> **Your instructions**
Return the full set of records, matching them character for character.

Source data
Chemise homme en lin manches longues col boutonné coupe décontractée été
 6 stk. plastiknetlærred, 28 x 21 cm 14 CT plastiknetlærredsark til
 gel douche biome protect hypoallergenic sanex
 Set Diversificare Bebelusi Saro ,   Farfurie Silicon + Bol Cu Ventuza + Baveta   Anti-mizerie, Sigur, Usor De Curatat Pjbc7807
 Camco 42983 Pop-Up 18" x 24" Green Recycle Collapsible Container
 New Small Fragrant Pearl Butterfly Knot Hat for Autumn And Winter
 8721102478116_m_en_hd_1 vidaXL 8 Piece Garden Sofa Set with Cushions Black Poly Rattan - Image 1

> **Solved exercise**
Chemise homme en lin manches longues col boutonné coupe décontractée été
 6 stk. plastiknetlærred, 28 x 21 cm 14 CT plastiknetlærredsark til
 gel douche biome protect hypoallergenic sanex
 Set Diversificare Bebelusi Saro ,   Farfurie Silicon + Bol Cu Ventuza + Baveta   Anti-mizerie, Sigur, Usor De Curatat Pjbc7807
 Camco 42983 Pop-Up 18" x 24" Green Recycle Collapsible Container
 New Small Fragrant Pearl Butterfly Knot Hat for Autumn And Winter
 8721102478116_m_en_hd_1 vidaXL 8 Piece Garden Sofa Set with Cushions Black Poly Rattan - Image 1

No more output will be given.